EXERCISE GOAL ▸
The data must be reproduced verbatim; images are to be omitted.

DATA EXTRACT ▸

----------------

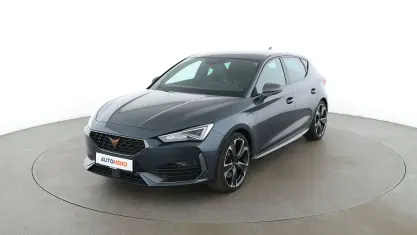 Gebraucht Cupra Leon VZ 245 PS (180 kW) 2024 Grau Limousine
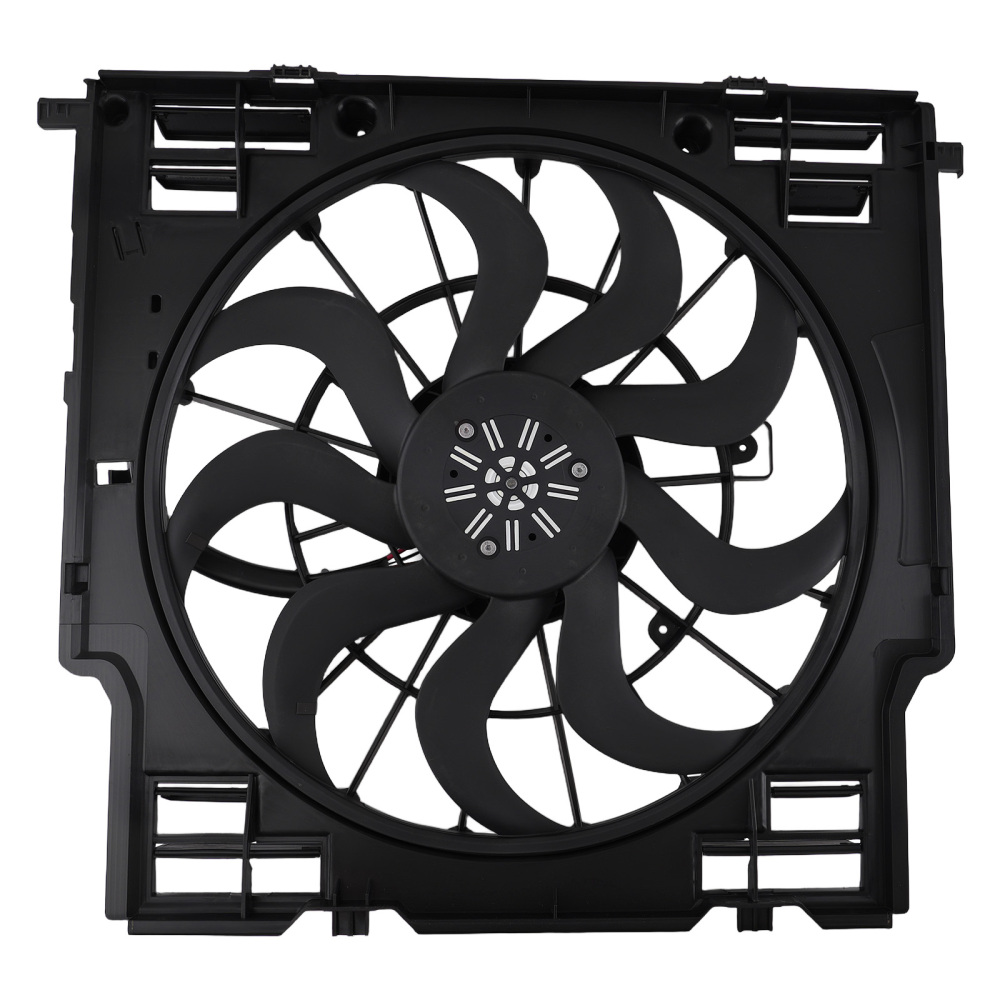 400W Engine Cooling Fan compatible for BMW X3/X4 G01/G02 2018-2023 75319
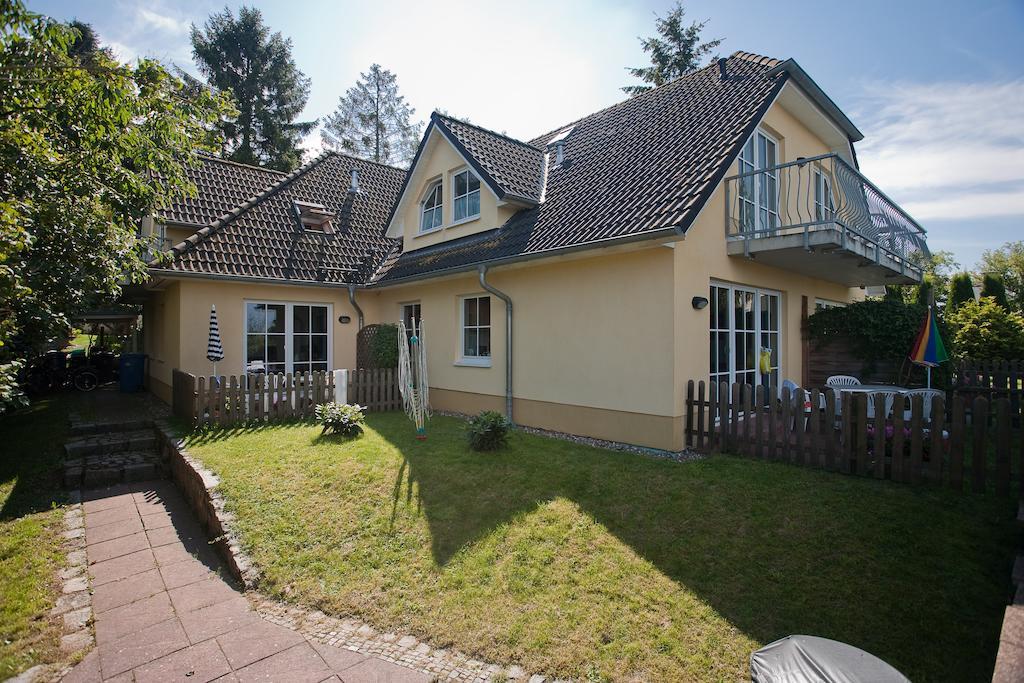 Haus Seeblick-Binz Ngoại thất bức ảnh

----------------

RESULT FOR THIS TASK ▸
 Gebraucht Cupra Leon VZ 245 PS (180 kW) 2024 Grau Limousine
 400W Engine Cooling Fan compatible for BMW X3/X4 G01/G02 2018-2023 75319
 Haus Seeblick-Binz Ngoại thất bức ảnh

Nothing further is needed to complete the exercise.